プログラム切替直後の火曜日は午前十時の映画祭13を観に行く日、ただし本来は先週。とある事情から1週先送りにしておりました。もう1週は延ばせ……なくはないのだが、観る作品が立て込んできそうなので、私にとっては今日が最後のタイミングです。
外を歩くのもしんどい陽気につき、普段は雨降りのときにだけ使っている、屋根の下を出る時間が最小限のルートを利用。ほんの数分だけど、家を出るとき既に32度くらいに達してますから、外など歩きたくない、歩きたくないのだ。

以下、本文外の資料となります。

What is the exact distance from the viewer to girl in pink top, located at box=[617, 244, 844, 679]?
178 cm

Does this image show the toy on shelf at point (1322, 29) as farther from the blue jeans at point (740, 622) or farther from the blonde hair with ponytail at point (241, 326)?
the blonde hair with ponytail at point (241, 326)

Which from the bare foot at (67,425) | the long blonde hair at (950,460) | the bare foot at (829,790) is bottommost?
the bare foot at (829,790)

いつものTOHOシネマズ日本橋にて鑑賞した今コマの作品は、消火活動の最前線にいる男たちが、連続放火事件に挑むパニック&サスペンス映画、『バックドラフト』(UIP Japan初公開時配給)。
たぶん一定の年齢以上の人なら、映画は知らなくてもテーマ曲だけは聴いた可能性がある。何故なら、伝説のテレビ番組『料理の鉄人』のテーマ曲として用いられていたから。かく言う私も、あとで知ってのけ反りました。何なら、この曲を聴くと自然に鹿賀丈史が思い浮かぶくらいになってたぞ。

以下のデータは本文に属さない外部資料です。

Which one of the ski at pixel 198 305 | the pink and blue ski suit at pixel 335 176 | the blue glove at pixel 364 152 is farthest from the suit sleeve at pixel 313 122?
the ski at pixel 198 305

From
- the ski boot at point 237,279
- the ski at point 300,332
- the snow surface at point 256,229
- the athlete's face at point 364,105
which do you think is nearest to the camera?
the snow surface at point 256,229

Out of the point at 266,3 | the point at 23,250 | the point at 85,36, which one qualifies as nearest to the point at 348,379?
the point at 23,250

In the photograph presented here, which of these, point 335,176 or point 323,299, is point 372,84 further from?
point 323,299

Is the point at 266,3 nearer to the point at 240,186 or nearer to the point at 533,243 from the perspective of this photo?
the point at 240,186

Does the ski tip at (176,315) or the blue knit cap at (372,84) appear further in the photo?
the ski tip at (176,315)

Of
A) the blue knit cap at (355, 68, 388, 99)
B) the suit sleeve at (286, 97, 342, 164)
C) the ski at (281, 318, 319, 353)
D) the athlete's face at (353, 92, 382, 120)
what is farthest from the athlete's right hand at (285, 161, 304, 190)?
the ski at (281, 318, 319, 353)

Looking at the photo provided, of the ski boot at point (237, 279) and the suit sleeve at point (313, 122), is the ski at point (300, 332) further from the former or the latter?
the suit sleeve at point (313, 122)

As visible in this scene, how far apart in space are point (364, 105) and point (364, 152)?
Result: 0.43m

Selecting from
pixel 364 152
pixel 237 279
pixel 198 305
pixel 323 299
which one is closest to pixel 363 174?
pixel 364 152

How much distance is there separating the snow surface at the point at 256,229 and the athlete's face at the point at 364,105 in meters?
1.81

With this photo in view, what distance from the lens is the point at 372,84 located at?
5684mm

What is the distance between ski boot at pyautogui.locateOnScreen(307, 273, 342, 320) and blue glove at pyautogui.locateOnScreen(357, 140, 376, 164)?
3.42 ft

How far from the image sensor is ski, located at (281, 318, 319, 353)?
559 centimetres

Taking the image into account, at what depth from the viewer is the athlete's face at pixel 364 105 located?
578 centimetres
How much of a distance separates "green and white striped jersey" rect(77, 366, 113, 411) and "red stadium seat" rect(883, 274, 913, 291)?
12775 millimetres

戯言はさておき本篇です。これも地上波ゴールデンで映画を流すことが普通だった時期に頻繁にかかっていたほうで、断片的に観ていますが通して鑑賞するのは初めて。
アメリカ産のこういう映画では定番の家族の軋轢、肉体派組織一流の手荒い歓迎、とお約束の要素てんこ盛りですが、そこに“バックドラフト”という公開当時はまだ知名度の低かった現象に焦点を当てた解りやすさと、連続放火事件の謎解きを加えたことで、オリジナリティと牽引力が生まれている。超然としたデ・ニーロの介入と、証拠集めの経緯は、ミステリ好きとしてちょっと燃えます。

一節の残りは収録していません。